Blade Putter
The Studio Select Newport landed in 2008 as Scotty Cameron's answer to golfers who wanted a milled blade they could actually dial in. This is the classic Newport shape, a compact heel-toe blade with a thin topline and a squared-off leading edge, milled from 303 stainless steel. If you learned to putt on a traditional blade and never saw a reason to change, this head will feel like coming home.
What set the Studio Select line apart was the sole. Cameron machined two removable weights into the bottom of the head, so the putter could be tuned to your length and stroke instead of arriving as a one-size guess. Heavier weights for longer shafts, lighter for shorter, all hidden under the sole where they don't distract you at address. The finish was the muted, glare-free look Cameron used through this era, easy on the eyes in bright sun.
This is a full toe hang blade, which tells you most of what you need to know about who should be gaming it. The face wants to open going back and close coming through. Fight that with a straight-back-straight-through stroke and you'll spend the round fighting the putter. Let it swing on its natural arc and it rewards you with a soft, solid roll and the kind of feedback only milled stainless gives you.
Design
The head is milled from a solid block of 303 stainless steel, and you feel that at impact. The face has Cameron's mid-milled texture, so contact is soft without going mushy, and mishits toward the heel or toe still tell you where you missed. There is a single thin sightline on the flange and nothing else. No wide alignment channels, no contrasting colors, just a line and the topline to frame the ball. The two-weight sole system is the design story here. Cameron matched weight to shaft length at the factory, but the weights are removable, so a fitter can adjust head feel to your tempo. Full toe hang comes from the heel-shafted, plumber's neck hosel, which puts the shaft axis well toward the heel and lets the toe hang straight down when you balance it on a finger. That geometry is built for a player with a noticeable arc, not a straight stroke.
Who It's For
- You have a moderate to strong arc in your stroke and want a putter that works with that motion instead of against it.

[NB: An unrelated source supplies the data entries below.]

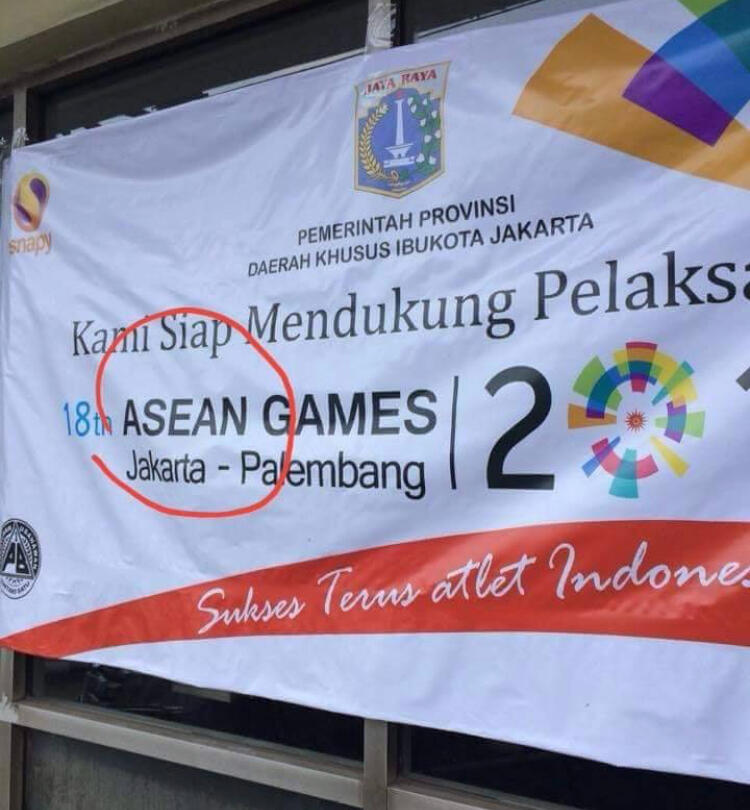 Asian Games 2018 Bukan Target Utama Kontingen Tiongkok
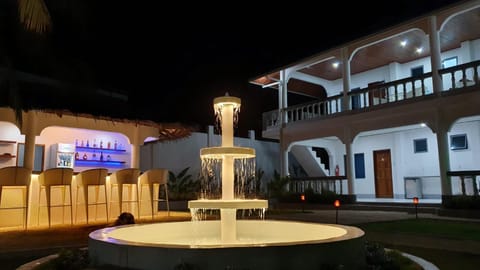 Pawikan Boutique Hotel Resort in Central Visayas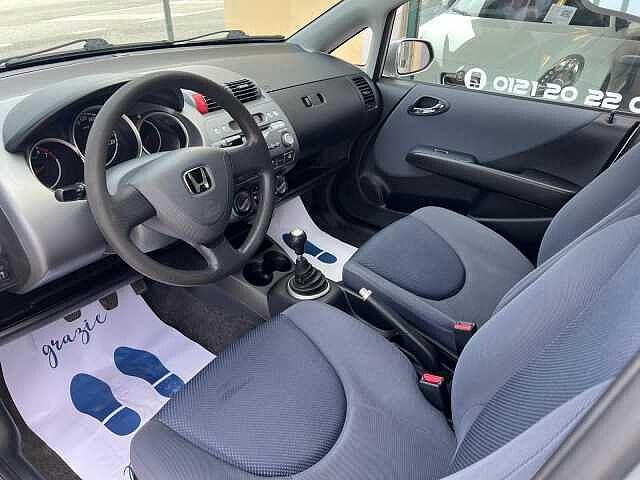 Honda Jazz 1.4 i-DSi 5p.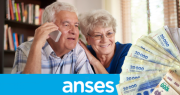 ANSES: se activa el calendario de pagos de julio para jubilados, pensionados y AUH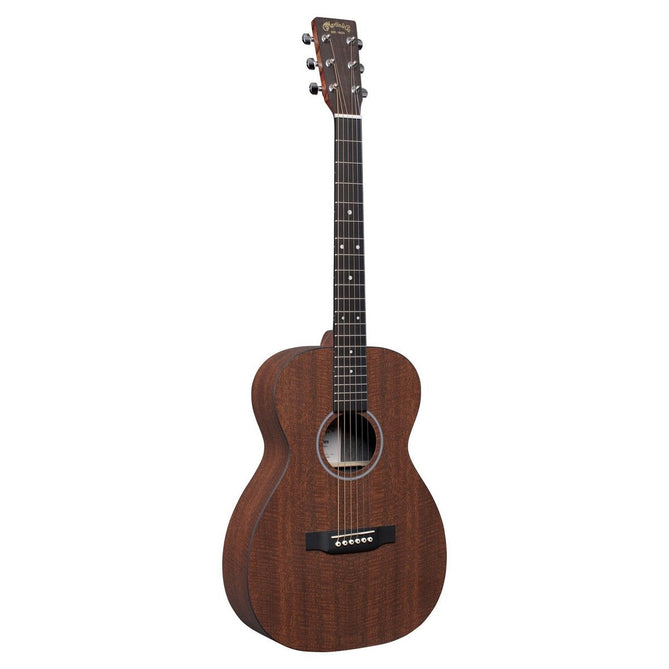 Đàn Guitar Acoustic Martin 0-X1E Mahogany X Series w/Bag-Mai Nguyên Music
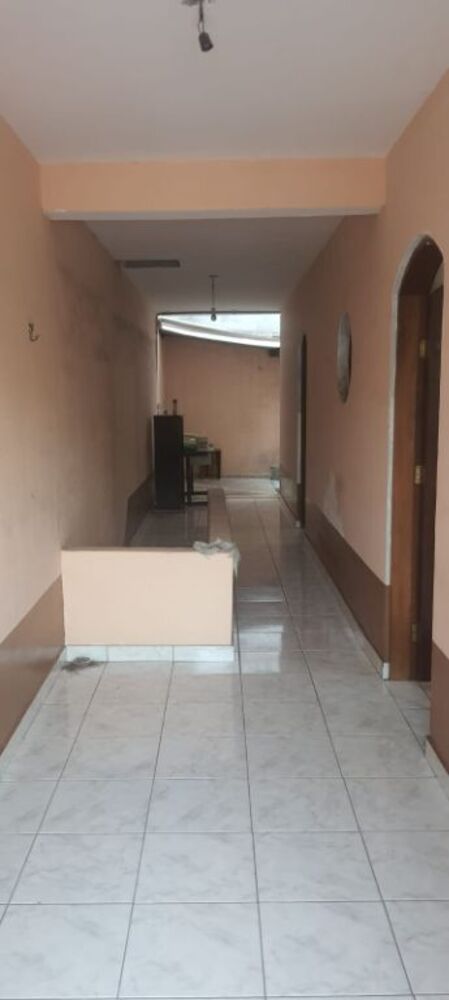 Sobrado à venda com 1 quarto, 140m² - Foto 5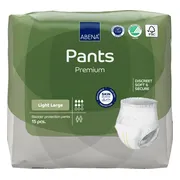 Abena Pants Light Large 15ST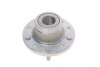 Підшипник маточини (комплект) SKF VKBA 7029 (фото 4)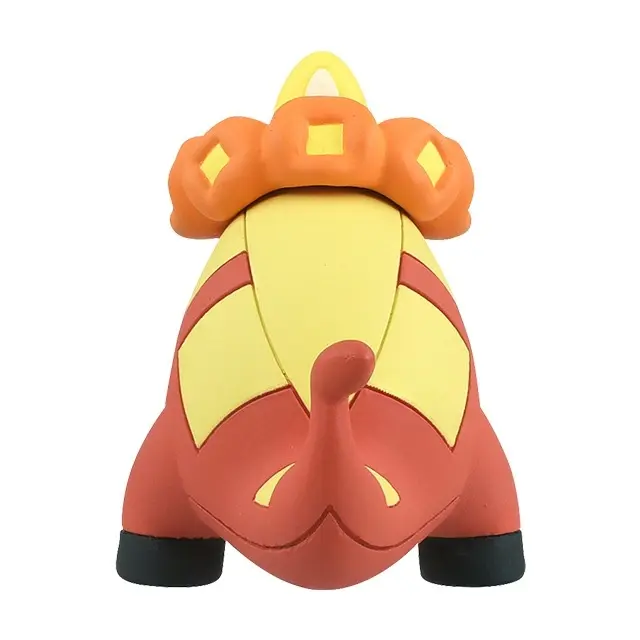 Mô hình Pokemon MS-32 Crocalor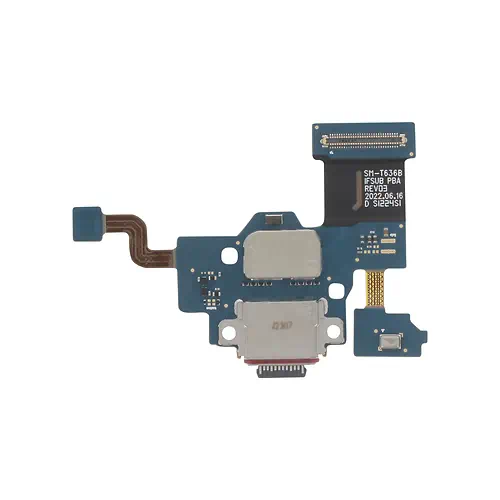 Connecteur de Charge Samsung Galaxy Tab Active4 Pro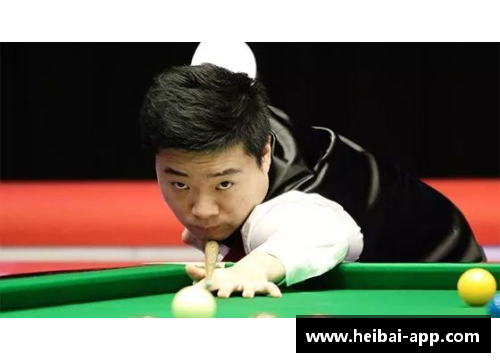 丁俊晖夺冠后首度亮相受热捧 揭秘其训练秘诀与未来计划
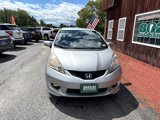 Used 2011 Honda Fit Sport image 2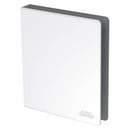 Collector's Album XenoSkin SLIM (White) | Ultimate Guard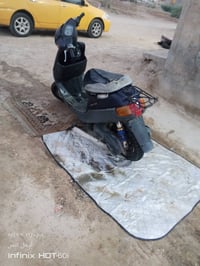 بطه • ٢٠٠٣ • بدها باتري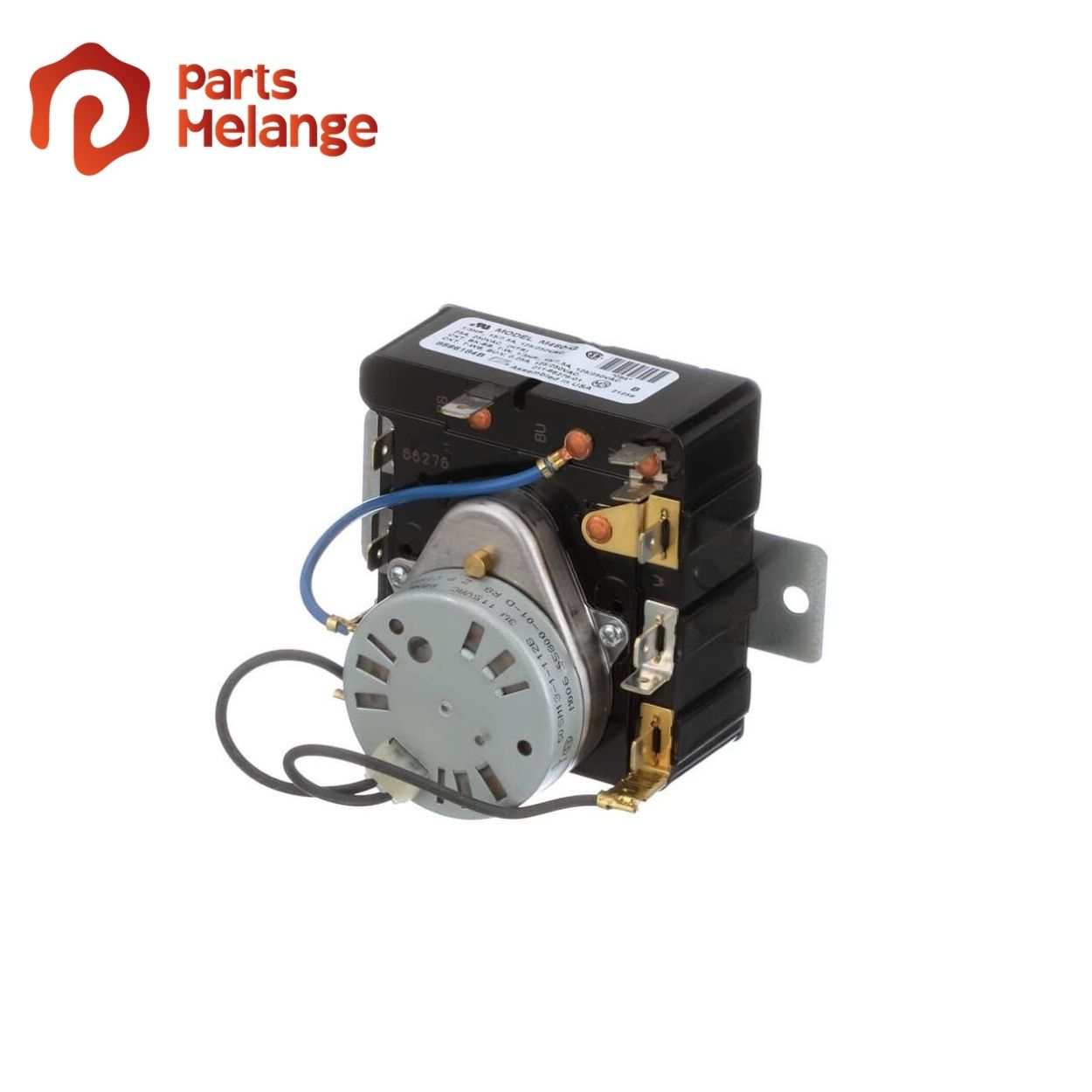  Whirlpool WP8566184 Dryer Timer 25A 250 VAC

- You prefer a compact traditional blade and find modern mallets bulky or distracting at address.
- Feel matters more to you than forgiveness, and you want milled stainless feedback on every strike.
- You want a head that can be weight-tuned to your shaft length rather than a fixed off-the-rack spec.
- A minimal single sightline is all the alignment help you want or need.
Technology
About Scotty Cameron
Scotty Cameron putters are CNC milled from a single block of steel in Carlsbad, California. The attention to detail in weight distribution, sole geometry, and face milling creates a feel that's considered the benchmark in professional golf.
Specifications
| Brand | Scotty Cameron |
| Model | Studio Select Newport |
| Year | 2008 |
| Type | Blade |
| Toe hang | Full toe hang |
| Alignment aid | No |
Frequently Asked Questions
- What is the toe hang on the Studio Select Newport?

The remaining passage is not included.